Seems like it would be a good plan to replace this obsolete MUNI rack with a series of bike staples placed more appropriately.

craig
craig
11 years ago
Reply to  Paul Johnson

They said they plan to re-do bike parking when they do a complete makeover of the sidewalk in 2012.

Paul Johnson
Paul Johnson
11 years ago
Reply to  craig

A bicycle parking space is 3 feet wide. A wave rack space is 10 inches wide. The typical automobile space is 96 inches wide. If they striped automobile spaces 27 inches wide by accident, how much you wanna bet they’d have pavement grinders and striping machines removing the old lines and putting them at the proper length before the week’s out?

Racer X
Racer X
11 years ago

parking and circulation?

The “wave” rack is one of the prime problems of poor bike parking layout for many developments. Please please PBOT stop permitting the use of this bike rack.

craig
craig
11 years ago
Reply to  Racer X

This one happens to be privately owned.

Paul Johnson
Paul Johnson
11 years ago
Reply to  craig

That doesn’t mean there aren’t engineering recommendations in play.

Racer X
Racer X
11 years ago

My comment got cut off…

If this rack was installed through the City’s Transportation Development Review process …why does the review process not pick up this problem in design? And if it does, then why are we seeing these problems built?!

This is basic parking lot and pedestrian circulation/ safety design 101…assuming you control for the rack type and inspect what is built as compared to the approved plans.

9watts
9watts
11 years ago
Reply to  Racer X

I’m with Racer X. What’s up with all the badly installed bike racks one sees in so many locations. Maybe we should start taking photos of all of them and post them somewhere. As Paul Johnson said above, if car parking was similarly unusable, you bet it would get fixed-pronto. Or, more likely, done right in the first place.

Tom M
Tom M
11 years ago

Thank you Whole Foods for listening and thank you Craig for being constructive and persistent.

Win for the bicyclists: less damage
Win for the car: less damage due to sidewalks scraping the underside of the car.

All for the sake of a couple of concrete parking stops.
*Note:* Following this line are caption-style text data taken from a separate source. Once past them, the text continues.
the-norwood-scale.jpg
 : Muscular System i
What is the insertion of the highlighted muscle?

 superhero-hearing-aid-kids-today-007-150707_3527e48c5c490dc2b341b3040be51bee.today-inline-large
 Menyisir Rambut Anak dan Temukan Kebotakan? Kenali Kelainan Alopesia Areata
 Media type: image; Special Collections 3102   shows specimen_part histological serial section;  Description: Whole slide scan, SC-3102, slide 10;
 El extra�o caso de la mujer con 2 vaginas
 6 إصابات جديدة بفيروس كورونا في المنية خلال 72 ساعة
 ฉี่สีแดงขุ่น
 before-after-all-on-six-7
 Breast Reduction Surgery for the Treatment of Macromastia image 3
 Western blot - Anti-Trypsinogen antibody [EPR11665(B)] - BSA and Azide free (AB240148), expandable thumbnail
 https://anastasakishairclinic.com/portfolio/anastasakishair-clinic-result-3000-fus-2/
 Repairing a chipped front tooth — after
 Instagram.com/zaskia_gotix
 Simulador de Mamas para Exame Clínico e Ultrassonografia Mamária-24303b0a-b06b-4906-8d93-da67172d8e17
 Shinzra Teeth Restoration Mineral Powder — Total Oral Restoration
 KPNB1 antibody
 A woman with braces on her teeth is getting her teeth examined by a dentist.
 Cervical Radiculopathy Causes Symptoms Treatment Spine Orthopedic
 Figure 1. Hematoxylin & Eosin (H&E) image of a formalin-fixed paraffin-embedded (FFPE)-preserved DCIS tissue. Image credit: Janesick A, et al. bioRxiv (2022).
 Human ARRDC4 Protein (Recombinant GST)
Just need more of these solutions where everybody wins!

PoPo
PoPo
11 years ago

Thanks for this venue, Jonathan. Great idea!

craig
craig
11 years ago

“Whole Foods Chain” heh heh, just re-read that…pun not intended 🙂

Hart Noecker
11 years ago

Wait, A FEW damaged bikes? How many bikes were smashed for this to become a priority for Whole Foods? Pretty sure if “a few” cars were being damaged something would have gotten done a lot quicker. Thought for a corporation committed to union busting, denying global warming, and opposed to universal health care, I guess we should be happy they did anything for bikes at all.

Spokesy
Spokesy
11 years ago

they should have taken out those two car spaces entirely and made a covered bike corral like they have at the Laurelhurst Whole Foods. . .

Peter Koonce
Peter Koonce
11 years ago

I like the idea of bringing awareness to positive things that are going on in the community. There’s a lot to be thankful for and by writing about it, you’ll get more people recognizing the opportunities that exist.

180mm_dan
180mm_dan
11 years ago

Like positive news idea and like the first post

Otto
Otto
11 years ago

“Positive Spin” is a great feature to add and this blog really needed it. Not that there isn’t any problems or room for improvement in the PDX bike scene, but there is a lot of good happening out there too.

007
007
10 years ago

A few months ago, at the exact same spot, I was in the middle of writing a note to leave on a car that was pushing a bike locked on the rack, when, lo and behold, another driver, sped up to park and bashed another bike on the same rack. When I chastised the driver about it he thought I was being unreasonable. I said, so you think it is okay to just go around hitting people’s bikes?